Geoff… that is a rationalization… an excuse…
Don’t offer something that you cannot/do not or will not support… it just pisses off your users
It would have been one thing if you had clearly stated that such a limitation existing in your advertising materials, but you didn’t…
“build from any platform to any platform”
is not the same as
“built from any platform to any platform except for those combinations where you can’t”
This attiude is one of the reasons I have suspended by Xojo subscriptions
For over 2 decades we have compiled from any platform to any platform (with the exception of iOS which is an Apple limitation not a Xojo one). We see the issue with compiling 64 bit apps for macOS from Windows or Linux as a temporary situation. FWIW, we get few if any complaints about this in customer service so while this is a problem we are working to solve, it’s not one that appears to be negatively impacting many users. It’s ranking for example in Feedback is “None”.
To be fair to Garry and Geoff’s points: It was amazing and great that Xojo built “from any platform for any platform” for 20 years–and that’s a huge part of what got me into it in the first place almost that long ago–but it’s also reasonable that growth in the number of platforms (iOS, 64-bit variations, etc.) makes it impractical to maintain that level of cross-functionality.

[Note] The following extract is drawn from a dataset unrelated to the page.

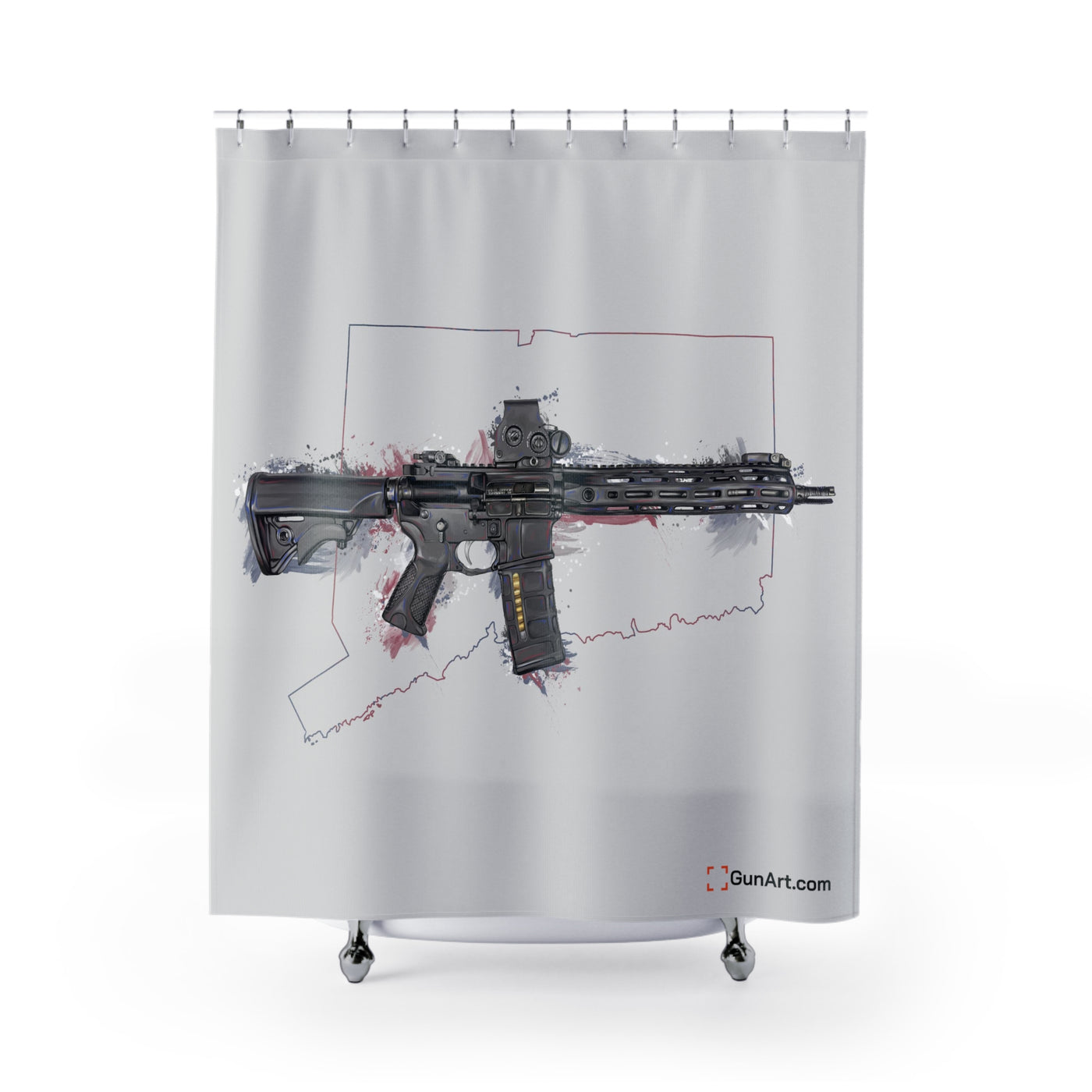 Defending Freedom - Connecticut - AR-15 State Shower Curtains - Colored State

Another example that I don’t think anyone is actively complaining about is that the iOS platform is unable to run the IDE to build for ANY platform at all. Is anyone upset about that (as cool as it might be)? With Apple rumored to be releasing an iOS-compatible IDE it might become more relevant in the future, but not for now (at least, not to me–YMMV).
I don’t think it’s reasonable to expect Xojo (or ANY multi-plaform solution supporting more than a few platforms) to support every possible combination. Some Xojo platforms are build-targets only, some can build for a number of other platforms, and if I’m not mistaken, one platform can build for any of the targets.
I’d rather have Xojo support more platforms in various combinations than fewer platforms with the ability to “build for any from any.”
All that said, the marketing/specs/docs should reflect the reality and prominently, easily show the combinations in a simple grid of all platforms and which can be used to build for which.